Чрезвычайно унизительным было пребывание в подвале — своего рода колодце, где включался гидрант. Там хватало места для двоих, но нас набивалось одиннадцать человек — все мужчины, какие были в доме. Происходило это тогда, когда поблизости раздавался грохот огромных танков СС. Женщины задвигали над нами железную плиту, и мы немедленно начинали задыхаться […] Одного из нас как-то схватили эсэсовцы, и он погиб: его в толпе других несчастных заставили бежать с поднятыми руками перед танком — так немцы защищали свои бронемашины при атаке на баррикады [11].

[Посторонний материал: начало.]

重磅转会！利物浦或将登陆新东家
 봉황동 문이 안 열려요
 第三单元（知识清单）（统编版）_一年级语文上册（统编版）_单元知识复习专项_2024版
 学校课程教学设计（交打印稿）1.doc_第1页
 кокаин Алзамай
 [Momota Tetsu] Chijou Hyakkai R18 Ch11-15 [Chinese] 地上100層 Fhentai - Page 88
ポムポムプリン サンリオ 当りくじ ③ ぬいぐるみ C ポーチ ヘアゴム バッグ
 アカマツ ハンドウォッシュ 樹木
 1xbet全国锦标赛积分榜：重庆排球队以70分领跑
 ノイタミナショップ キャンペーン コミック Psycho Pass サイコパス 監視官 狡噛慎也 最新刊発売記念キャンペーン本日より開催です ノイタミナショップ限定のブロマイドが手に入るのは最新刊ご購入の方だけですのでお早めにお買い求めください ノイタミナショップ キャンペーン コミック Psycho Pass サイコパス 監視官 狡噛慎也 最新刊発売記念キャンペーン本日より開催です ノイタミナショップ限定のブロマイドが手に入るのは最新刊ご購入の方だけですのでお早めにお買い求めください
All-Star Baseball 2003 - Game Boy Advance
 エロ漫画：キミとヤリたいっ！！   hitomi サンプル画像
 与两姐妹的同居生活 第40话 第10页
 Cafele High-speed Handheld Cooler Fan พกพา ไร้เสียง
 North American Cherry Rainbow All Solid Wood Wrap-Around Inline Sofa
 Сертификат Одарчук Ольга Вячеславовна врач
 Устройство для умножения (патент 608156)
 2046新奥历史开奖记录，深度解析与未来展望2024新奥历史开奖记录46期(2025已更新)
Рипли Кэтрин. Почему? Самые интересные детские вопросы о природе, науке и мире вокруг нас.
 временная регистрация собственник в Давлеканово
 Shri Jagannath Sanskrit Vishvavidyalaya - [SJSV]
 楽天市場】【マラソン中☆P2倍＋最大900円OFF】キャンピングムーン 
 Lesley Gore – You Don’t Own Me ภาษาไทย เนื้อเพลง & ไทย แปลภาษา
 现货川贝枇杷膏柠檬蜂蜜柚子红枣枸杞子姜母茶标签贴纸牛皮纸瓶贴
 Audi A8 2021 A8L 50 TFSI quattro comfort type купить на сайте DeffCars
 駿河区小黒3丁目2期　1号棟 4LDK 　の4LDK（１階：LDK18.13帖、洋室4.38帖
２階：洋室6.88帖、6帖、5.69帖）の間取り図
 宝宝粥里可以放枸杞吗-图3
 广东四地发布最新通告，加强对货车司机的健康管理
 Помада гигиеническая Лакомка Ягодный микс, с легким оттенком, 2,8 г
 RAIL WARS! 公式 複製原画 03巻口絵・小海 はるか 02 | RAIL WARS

В то же время в «Варшавских рефлексиях» Милош хвалит критический и насмешливый дух столицы, «силу варшавской улицы», которая умела организовать жизнь в любой ситуации —
что не удавалось другим польским городам. […] Своим словом варшавские литераторы мало способствовали прямому действию. Это было слишком близко, длилось непрерывно, форма разрушалась, не в силах вынести такое бремя. Но в произведениях, казалось бы, не на актуальные темы действительность проявлялась с большой силой. Атаковать ее пытались коварно, со стороны […] (WCT, 165).
Разумеется, Милош пишет здесь о себе, о том, чем он сам обязан Варшаве, чему научился и что побудило его написать цикл «Мир (Наивная поэма)».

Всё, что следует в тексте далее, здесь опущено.